RESEARCH ARTICLE
Intrinsic Instability of Hardened Portland Cement Pastes and its Significance
S. Chatterji*
Article Information
Identifiers and Pagination:
Year: 2008Volume: 2
First Page: 170
Last Page: 175
Publisher ID: TOBCTJ-2-170
DOI: 10.2174/1874836800802010170
Article History:
Received Date: 24/03/2008Revision Received Date: 21/06/2008
Acceptance Date: 22/06/2008
Electronic publication date: 2/9/2008
Collection year: 2008
open-access license: This is an open access article licensed under the terms of the Creative Commons Attribution-Non-Commercial 4.0 International Public License (CC BY-NC 4.0) (https://creativecommons.org/licenses/by-nc/4.0/legalcode), which permits unrestricted, non-commercial use, distribution and reproduction in any medium, provided the work is properly cited.
Abstract
A critical evaluation of shrinkage of saturated cement paste due to thermal cycling, increased ion diffusion through saturated cement paste due to thermal cycling, Powers water permeability data of dried and resaturated cement paste, and dying shrinkage data of Pickett and others reveals an intrinsic instability of Portland cement pastes. The instability is such that even a very mild treatment of the paste causes a redistribution of pore space such that pores are narrowed in some area and widened in other areas. It is to be noted that mild drying to 94% relative humidity is sufficient to initiate this instability. These changes occur even in saturated specimens and are irreversible. These observations are inconsistent with extensive chemical bonding in hardened cement paste or the strength of chemical bonding, in cement paste, is so low that a very mild treatment can destroy them. Relevance of this redistribution to water absorption isotherms, mercury intrusion porosimetry, etc has been discussed. These techniques provide information on the treated samples and not on the microstructure of virgin wet cement pastes and as such they can not be used to rationalize the properties of cement pastes or concrete.

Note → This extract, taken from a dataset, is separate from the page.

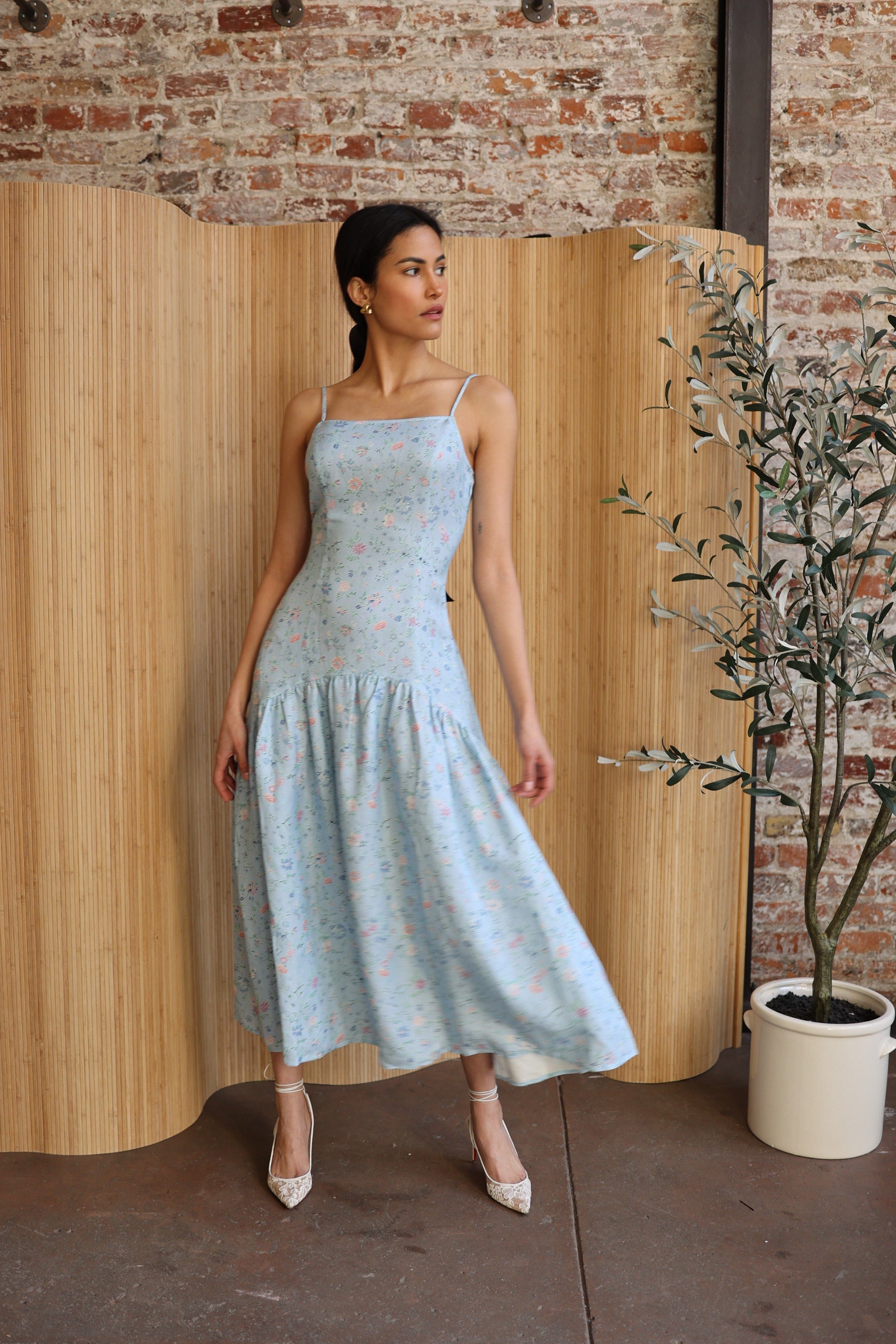 Sister New York Dress Cisco Dress Wild Flower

In actual use of a concrete structure, the effect of this intrinsic instability accumulates with each cycle of drying and wetting, heating and cooling etc. After a period visible, macroscopic cracks appear even in a well cured concrete structure. These macroscopic cracks are seldom healed especially within the structure where concrete is unsaturated. The accumulated effect makes the structure vulnerable to attack of all types of degrading processes like frost attack, sulphate attack, carbonation etc. These cracks may not affect the compressive load bearing capacity of a concrete structure.